An important note is that all of these lawsuits have been “paused,” not ended, and the private insurance and debt collection racket has no plans to forgive these debts. In fact, a Froedtert spokeman told WPR at the beginning of April that some small claims of debt would continue forward. For example, people with debt that had been around “for 6 years, and the statute of limitations is about to end." Can’t lose that money! If the government isn’t going to make these private industries whole again, they damn sure aren’t going to care what happens to you.
Dean Health Systems in Madison, Gundersen Health System in La Crosse, and north Winsconsin-serving Aspirus Grand View Health System have also have been continuing their debt collecting. But, Dean Health Systems Inc. says “most” of these were filed before the state of emergency declaration and that they are "working to pause many cases." Many, not all. I guess you don’t want anyone getting a free ride on some of those famously elective hysterectomies?

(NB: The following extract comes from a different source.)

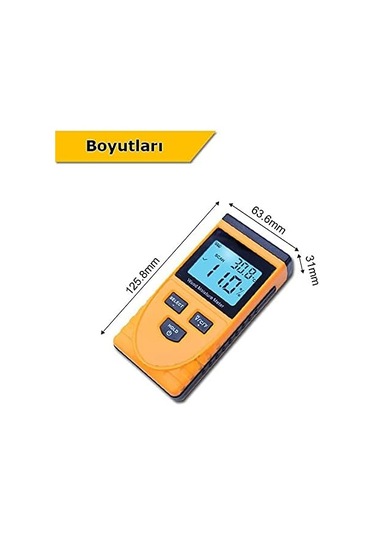 Benetech Gm630 Manyetik Ahşap Ve Tahta Nem Ölçer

Right now, states like Wisconsin are trying to write legislation that will apply Band-Aid financial fixes to the medical debts that will be accrued because of COVID-19 directly. Things like potential future immunizations, and current trips to emergency rooms and ICUs. They are also trying to manage the enormous unemployment crisis that has begun, already doubling last year’s numbers in claims in states like Wisconsin.
Before this pandemic helped to bring many of America’s flaws into stark relief, medical debt collection was an obvious problem. It is predatory, the system surrounding it is clearly corrupt, and finally and most importantly, it is a public health failure.